== Segment start ==
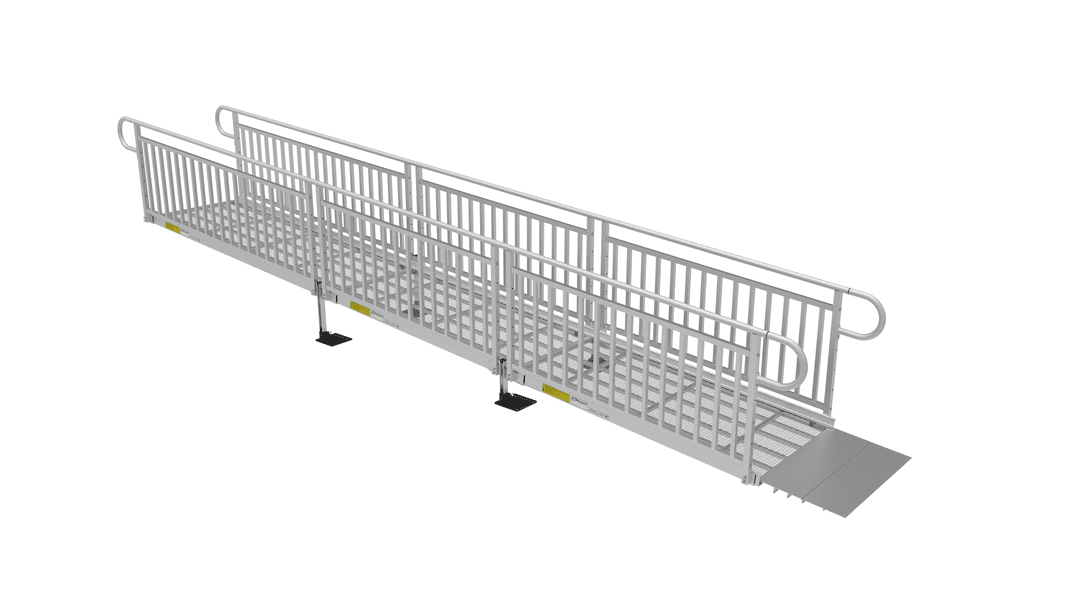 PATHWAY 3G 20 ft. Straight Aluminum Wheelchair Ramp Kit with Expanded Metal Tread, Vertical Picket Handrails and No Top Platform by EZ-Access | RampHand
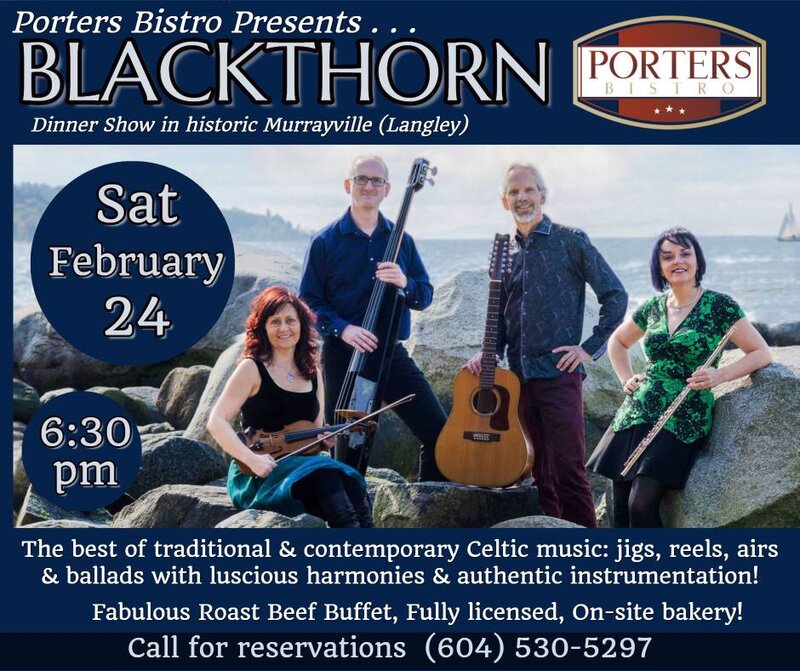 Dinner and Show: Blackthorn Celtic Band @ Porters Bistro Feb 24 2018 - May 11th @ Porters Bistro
== Segment end ==
== Segment start ==
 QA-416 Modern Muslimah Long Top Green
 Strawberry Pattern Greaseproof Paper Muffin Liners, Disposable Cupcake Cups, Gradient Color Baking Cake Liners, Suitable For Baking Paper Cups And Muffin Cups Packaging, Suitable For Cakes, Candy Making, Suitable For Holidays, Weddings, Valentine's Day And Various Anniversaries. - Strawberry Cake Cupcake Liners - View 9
== Segment end ==
__Directions for this task__:
Could you transcribe exactly the entries above, but only the lines from the one with "PATHWAY 3G 20" through the one with "Dinner and Show: Blackthorn", and without pictures?

__Exercise response__:
 PATHWAY 3G 20 ft. Straight Aluminum Wheelchair Ramp Kit with Expanded Metal Tread, Vertical Picket Handrails and No Top Platform by EZ-Access | RampHand
 Dinner and Show: Blackthorn Celtic Band @ Porters Bistro Feb 24 2018 - May 11th @ Porters Bistro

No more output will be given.